An FCC Ruling on NPRM addressing AI-generated Robocalls/Robotexts could Hurt Legitimate Businesses
FCC 24-84 proposes to define AI-generated calls as well as new rules that would require callers disclose to consumers when they receive an AI-generated call. A ruling in this area could be damaging to legitimate businesses with respect to the problematic nature of labeling calls as “AI-generated” as well as deficiencies in terms of the phone user interface (UI) to be able to efficiently disclose the type of call to a consumer.
Regulate Impersonation Only or All Synthetic Voice?
One of the biggest issues with this NPRM is the definition of “AI-generated call’ relative to the aims of the FCC. This NPRM justifiably was prompted by the “Deep Fake” of Joe Biden that occurred in conjunction with unlawful political calls in the State of New Hampshire.
These calls were deemed a Deep Fake because they involved synthesized audio to impersonate President Joe Biden, a well known public figure who is recognizable by name and voice by millions of citizens. It could also be considered a Deep Fake based on the context of the communication including the call-to-action (telling consumers there is no need to vote) and telephone number identity (e.g. use of a spoofed telephone number).
The word impersonate is key because the likeness of his voice (e.g. a synthesized version using AI-generated audio) occurred without permission. If these had been legal/ethical calls, approved by the Biden administration, the word mimic may be more appropriate. However, the calls were not legal and permission was not granted. It is recommended that the words impersonate or impersonation should always inherently mean without permission and thus a form of fraud and therefore unlawful.
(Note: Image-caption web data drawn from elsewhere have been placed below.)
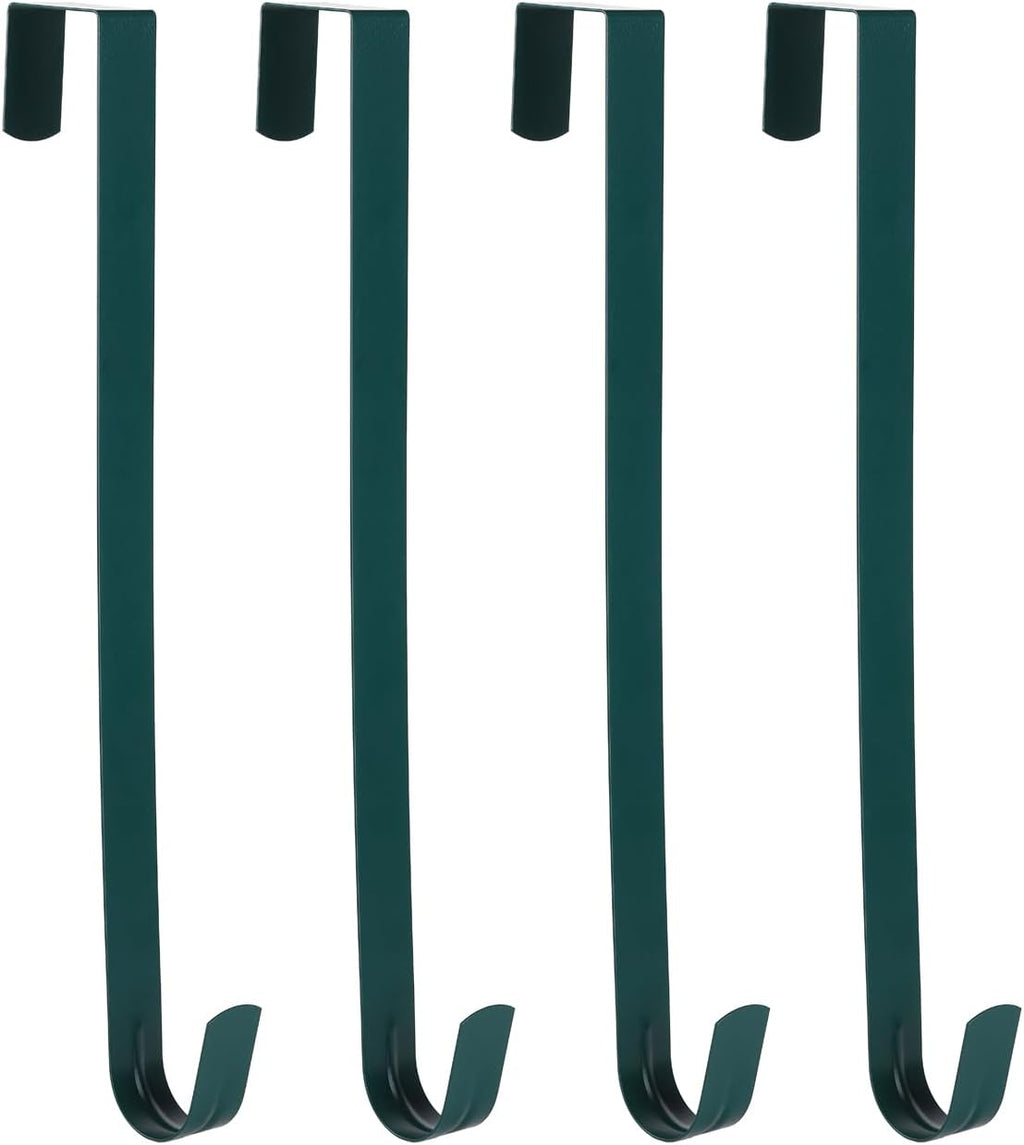 Sattiyrch 15" Wreath Hanger - Sturdy Steel Over The Door Hook for Front Door Decor (Green, 4")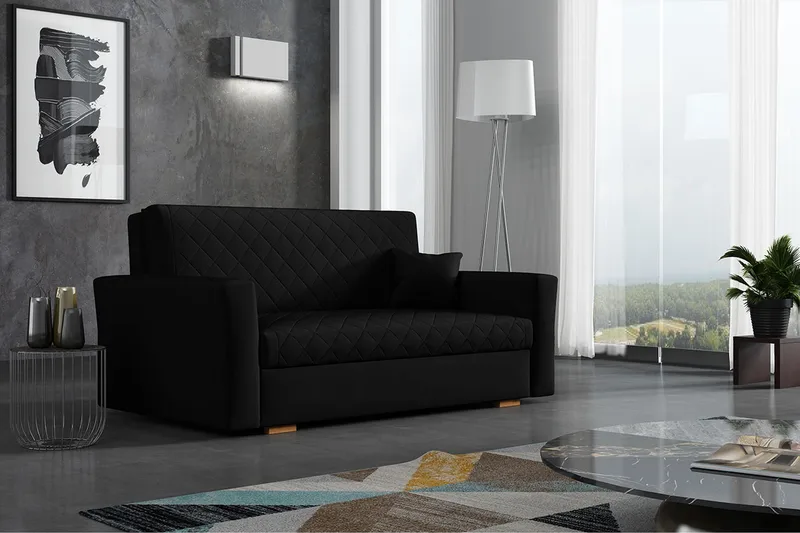 3:n ist Vuodesohva Ruutukuvio Hedensö - Sametti/Musta - Huonekalut - Sohva - Vuodesohva - 3 istuttava vuodesohva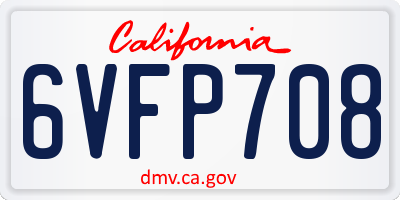 CA license plate 6VFP708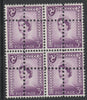 Isle of Man 1958 Regional 3d deep lilac block of 4 with perforations doubled (stamps are quartered) an attractive and interesting modern forgery, unmounted mint, SG2var. Note: the stamps are genuine but the additional perfs are a ……Details Below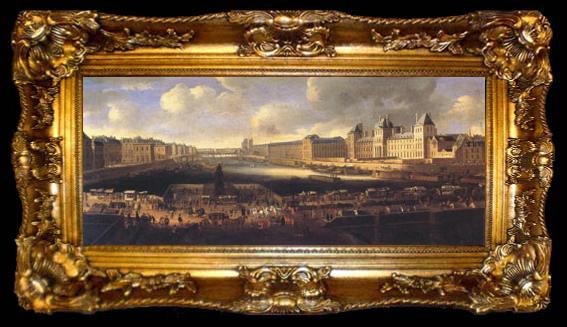framed  French school View of Paris with the Louvre (mk05), ta009-2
In contrast, a human being providing permission to mimic their voice, such as an actor licensing rights for movie production, would not be unlawful. AI may also be used to synthesize the voice of a person that is not a public figure, such as Gerry Christensen. AI may also be used to generate audio for a non-person – a completely synthetic identity (e.g. a unique voice and associated name that is unlike any other in the world). In the case of Gerry Christensen, absence of permission to mimic would represent impersonation. In the case of voice generated in association with a synthetic identity, neither impersonation or mimic seem to fit as there is nothing to copy from a real human being, alive or dead.
Deep Fakes (which again implies impersonation and thus unlawful) arguably have the potential for great harm to consumers and society as a whole. As with the Biden impersonation in New Hampshire, Deep Fakes are conducted by bad actors that rely on context that may involve two factors, “what you know” (calling registered Democrats in New Hampshire), and “what you have” (a spoofed telephone number). Either one of both factors may be employed by bad actors with intelligence gained from public sources, social engineering, and/or data breaches that occasionally occur from commercial and government sources.
The threat of Deep Fakes should not be taken lightly. However, the scale and scope should be a consideration. For example, impersonating Joe Biden’s voice could impact millions of people, but impersonating Gerry Christensen’s voice would likely only impact family, friends, and business associates. Therefore, the impact of a Deep Fake of a well known public figure would have bearing on broadcast vishing/smishing attempts whereas impersonating someone like Gerry Christensen would be limited to highly targeted “spear” vishing/smishing and therefore would not involve wide scale B2C communications.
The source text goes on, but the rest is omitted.